Investors have taken note of the surging enterprise demand for tools that can manipulate and analyze massive volumes of structured and unstructured data.
In recent months, top venture capital firms have poured hundreds of millions of dollars into companies that make products designed to manage so-called big data, generally defined as very large and diverse sets of structured and unstructured data gathered from a websites, clickstreams, email messages, social media interactions and the like.
Venture capital firm Accel Partners has even established a $100 million fund to finance big data vendors that are in the early stages of growth.
One of the latest beneficiaries of the largesse is software maker Birst, which this month disclosed that it had received $26 million in funding from Sequoia Capital, Hummer Winblad and DAG Ventures. To date, Birst has raised $46 million overall.
Birst was launched in 2005 as a cloud-based business intelligence service, and more recently positioned its cloud-based and on-premises products as tools for analyzing and gleaning intelligence from petabyte-scale data sets.
Birst is just the latest provider of big data tools to feel investor love.
In November, Cloudera closed a $40 million round of funding led by Ignition Partners, Greylock Partners and Accel Partners.
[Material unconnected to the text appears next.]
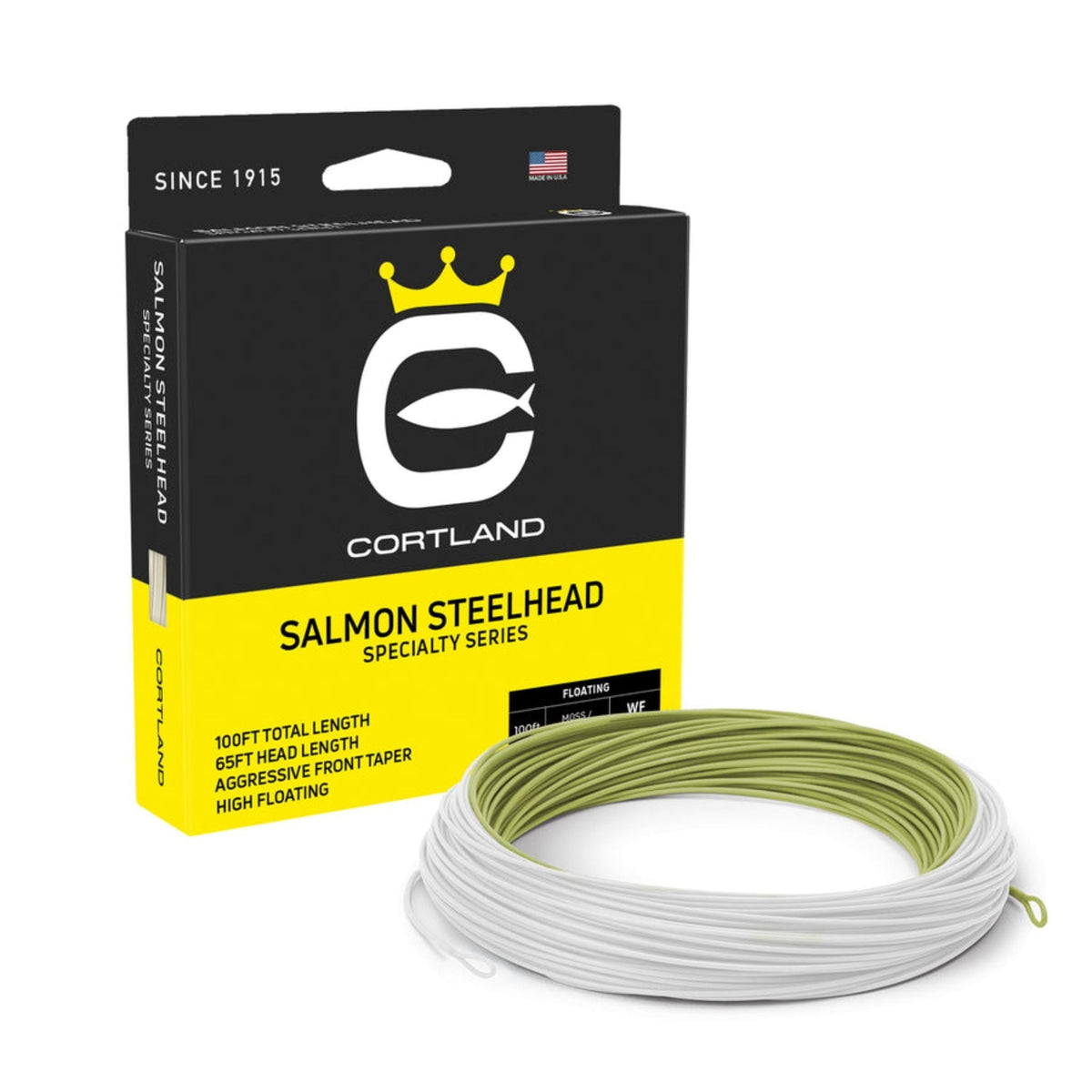 Floating Salmon Steelhead Fly Line - Water: 100ft, Weight Forward, Multiple Sizes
Cloudera, which sells and supports a commercial version of the open-source Hadoop big data technology, has so far raised more than $75 million overall from investors.
Meanwhile, Cloudera rival MapR has raised more than $25 million; 10Gen, maker of the MongoDB big data database, has secured some $32 million; and DataStax, a provider of products based on Apache Cassandra database technology, has raised $11 million.
And the list goes on.
Greg McDowell, an analyst at investment banker JMP Securities, said that the investor interest stems from massive enterprise demand for tools that can manage data stores that are growing at breakneck speeds.
He added that investment firms clearly noticed last month's initial public offering of big data software maker Splunk that raised about $230 million.
"Big data has become big business," McDowell said. "Companies are looking for tools to store, manage, manipulate, analyze, aggregate, combine and integrate data."
A key driver of the data explosion is the spread of cloud computing, mobile computing and social media technologies, along with business globalization, he said.
McDowell estimated that the market for big data tools will rise from last year's $9 billion to $86 billion in 2020, when spending on big data tools will account for some 11% of all enterprise IT spending.
Curt Monash, an analyst at Monash Research, noted that startup big data firms ignored by venture capitalists may find that they're attractive to established data management vendors like IBM, Oracle and Microsoft, which are increasingly looking to buy their way into the big data business.
At the same time, though, Monash warned investors to beware of the hype surrounding the technology.
"A great example of hype is anybody calling Birst a ' big data' or 'big data analytics' company," he said. "If anything, Birst is a 'little data' analytics company that claims, as a differentiating feature, that it can handle ordinary-sized data sets as well."
"The great growth in database sizes is both caused and balanced out by Moore's Law," Monash added. "The net effect is healthy but not enormous growth in the overall data management and analytics markets."